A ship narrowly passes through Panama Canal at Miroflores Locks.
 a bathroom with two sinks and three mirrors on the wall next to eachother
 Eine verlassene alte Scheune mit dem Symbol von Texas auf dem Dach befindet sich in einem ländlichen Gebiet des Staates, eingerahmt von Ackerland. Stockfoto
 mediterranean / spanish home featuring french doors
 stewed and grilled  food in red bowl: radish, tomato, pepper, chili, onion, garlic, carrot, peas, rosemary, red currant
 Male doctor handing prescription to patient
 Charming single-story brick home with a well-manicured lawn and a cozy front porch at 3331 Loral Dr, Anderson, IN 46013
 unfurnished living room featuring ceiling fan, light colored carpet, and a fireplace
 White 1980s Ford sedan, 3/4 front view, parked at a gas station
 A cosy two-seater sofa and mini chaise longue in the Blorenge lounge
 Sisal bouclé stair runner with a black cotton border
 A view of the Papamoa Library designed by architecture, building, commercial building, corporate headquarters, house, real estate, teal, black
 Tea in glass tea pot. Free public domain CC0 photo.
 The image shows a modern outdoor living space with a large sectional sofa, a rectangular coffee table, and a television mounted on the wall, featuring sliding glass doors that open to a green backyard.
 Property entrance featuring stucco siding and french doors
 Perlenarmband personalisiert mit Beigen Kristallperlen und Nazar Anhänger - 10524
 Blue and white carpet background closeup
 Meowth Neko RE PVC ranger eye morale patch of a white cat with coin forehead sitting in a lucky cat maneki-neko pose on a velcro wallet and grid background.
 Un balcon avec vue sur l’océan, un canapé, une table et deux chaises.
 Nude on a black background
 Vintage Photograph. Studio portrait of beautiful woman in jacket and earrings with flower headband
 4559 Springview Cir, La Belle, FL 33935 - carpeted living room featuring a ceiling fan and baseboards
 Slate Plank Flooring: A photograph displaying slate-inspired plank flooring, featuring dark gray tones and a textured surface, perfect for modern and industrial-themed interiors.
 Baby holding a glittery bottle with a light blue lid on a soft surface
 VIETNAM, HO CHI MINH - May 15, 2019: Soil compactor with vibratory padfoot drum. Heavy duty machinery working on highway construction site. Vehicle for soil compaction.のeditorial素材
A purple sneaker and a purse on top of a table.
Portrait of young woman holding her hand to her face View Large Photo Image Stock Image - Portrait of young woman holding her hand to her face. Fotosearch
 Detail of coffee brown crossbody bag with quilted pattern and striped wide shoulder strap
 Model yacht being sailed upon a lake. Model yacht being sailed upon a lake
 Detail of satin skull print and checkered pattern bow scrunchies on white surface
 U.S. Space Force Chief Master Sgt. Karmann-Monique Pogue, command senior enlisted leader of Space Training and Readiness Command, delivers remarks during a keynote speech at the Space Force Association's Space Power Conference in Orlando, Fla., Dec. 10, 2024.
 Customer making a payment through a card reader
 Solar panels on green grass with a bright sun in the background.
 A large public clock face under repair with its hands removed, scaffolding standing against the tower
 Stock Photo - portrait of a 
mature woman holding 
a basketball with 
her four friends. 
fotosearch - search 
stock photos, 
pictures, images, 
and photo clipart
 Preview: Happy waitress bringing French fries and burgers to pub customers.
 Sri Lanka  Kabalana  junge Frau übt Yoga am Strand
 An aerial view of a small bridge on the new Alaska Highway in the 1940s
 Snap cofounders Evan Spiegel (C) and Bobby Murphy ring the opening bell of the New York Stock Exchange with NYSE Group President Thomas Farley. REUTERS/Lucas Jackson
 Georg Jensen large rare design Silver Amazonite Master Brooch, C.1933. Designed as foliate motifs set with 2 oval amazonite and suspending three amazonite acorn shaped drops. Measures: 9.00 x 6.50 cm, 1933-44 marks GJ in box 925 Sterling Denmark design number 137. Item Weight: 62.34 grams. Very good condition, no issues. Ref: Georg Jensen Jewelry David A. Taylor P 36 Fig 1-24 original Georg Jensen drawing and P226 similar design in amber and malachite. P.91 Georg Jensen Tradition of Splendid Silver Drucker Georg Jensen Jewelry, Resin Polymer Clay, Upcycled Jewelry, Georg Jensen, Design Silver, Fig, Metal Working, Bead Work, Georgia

◆ **WHAT YOU NEED TO DO**
The entries above should be copied out exactly, with none left out.

◆ **TASK SOLUTION**
A ship narrowly passes through Panama Canal at Miroflores Locks.
 a bathroom with two sinks and three mirrors on the wall next to eachother
 Eine verlassene alte Scheune mit dem Symbol von Texas auf dem Dach befindet sich in einem ländlichen Gebiet des Staates, eingerahmt von Ackerland. Stockfoto
 mediterranean / spanish home featuring french doors
 stewed and grilled  food in red bowl: radish, tomato, pepper, chili, onion, garlic, carrot, peas, rosemary, red currant
 Male doctor handing prescription to patient
 Charming single-story brick home with a well-manicured lawn and a cozy front porch at 3331 Loral Dr, Anderson, IN 46013
 unfurnished living room featuring ceiling fan, light colored carpet, and a fireplace
 White 1980s Ford sedan, 3/4 front view, parked at a gas station
 A cosy two-seater sofa and mini chaise longue in the Blorenge lounge
 Sisal bouclé stair runner with a black cotton border
 A view of the Papamoa Library designed by architecture, building, commercial building, corporate headquarters, house, real estate, teal, black
 Tea in glass tea pot. Free public domain CC0 photo.
 The image shows a modern outdoor living space with a large sectional sofa, a rectangular coffee table, and a television mounted on the wall, featuring sliding glass doors that open to a green backyard.
 Property entrance featuring stucco siding and french doors
 Perlenarmband personalisiert mit Beigen Kristallperlen und Nazar Anhänger - 10524
 Blue and white carpet background closeup
 Meowth Neko RE PVC ranger eye morale patch of a white cat with coin forehead sitting in a lucky cat maneki-neko pose on a velcro wallet and grid background.
 Un balcon avec vue sur l’océan, un canapé, une table et deux chaises.
 Nude on a black background
 Vintage Photograph. Studio portrait of beautiful woman in jacket and earrings with flower headband
 4559 Springview Cir, La Belle, FL 33935 - carpeted living room featuring a ceiling fan and baseboards
 Slate Plank Flooring: A photograph displaying slate-inspired plank flooring, featuring dark gray tones and a textured surface, perfect for modern and industrial-themed interiors.
 Baby holding a glittery bottle with a light blue lid on a soft surface
 VIETNAM, HO CHI MINH - May 15, 2019: Soil compactor with vibratory padfoot drum. Heavy duty machinery working on highway construction site. Vehicle for soil compaction.のeditorial素材
A purple sneaker and a purse on top of a table.
Portrait of young woman holding her hand to her face View Large Photo Image Stock Image - Portrait of young woman holding her hand to her face. Fotosearch
 Detail of coffee brown crossbody bag with quilted pattern and striped wide shoulder strap
 Model yacht being sailed upon a lake. Model yacht being sailed upon a lake
 Detail of satin skull print and checkered pattern bow scrunchies on white surface
 U.S. Space Force Chief Master Sgt. Karmann-Monique Pogue, command senior enlisted leader of Space Training and Readiness Command, delivers remarks during a keynote speech at the Space Force Association's Space Power Conference in Orlando, Fla., Dec. 10, 2024.
 Customer making a payment through a card reader
 Solar panels on green grass with a bright sun in the background.
 A large public clock face under repair with its hands removed, scaffolding standing against the tower
 Stock Photo - portrait of a 
mature woman holding 
a basketball with 
her four friends. 
fotosearch - search 
stock photos, 
pictures, images, 
and photo clipart
 Preview: Happy waitress bringing French fries and burgers to pub customers.
 Sri Lanka  Kabalana  junge Frau übt Yoga am Strand
 An aerial view of a small bridge on the new Alaska Highway in the 1940s
 Snap cofounders Evan Spiegel (C) and Bobby Murphy ring the opening bell of the New York Stock Exchange with NYSE Group President Thomas Farley. REUTERS/Lucas Jackson
 Georg Jensen large rare design Silver Amazonite Master Brooch, C.1933. Designed as foliate motifs set with 2 oval amazonite and suspending three amazonite acorn shaped drops. Measures: 9.00 x 6.50 cm, 1933-44 marks GJ in box 925 Sterling Denmark design number 137. Item Weight: 62.34 grams. Very good condition, no issues. Ref: Georg Jensen Jewelry David A. Taylor P 36 Fig 1-24 original Georg Jensen drawing and P226 similar design in amber and malachite. P.91 Georg Jensen Tradition of Splendid Silver Drucker Georg Jensen Jewelry, Resin Polymer Clay, Upcycled Jewelry, Georg Jensen, Design Silver, Fig, Metal Working, Bead Work, Georgia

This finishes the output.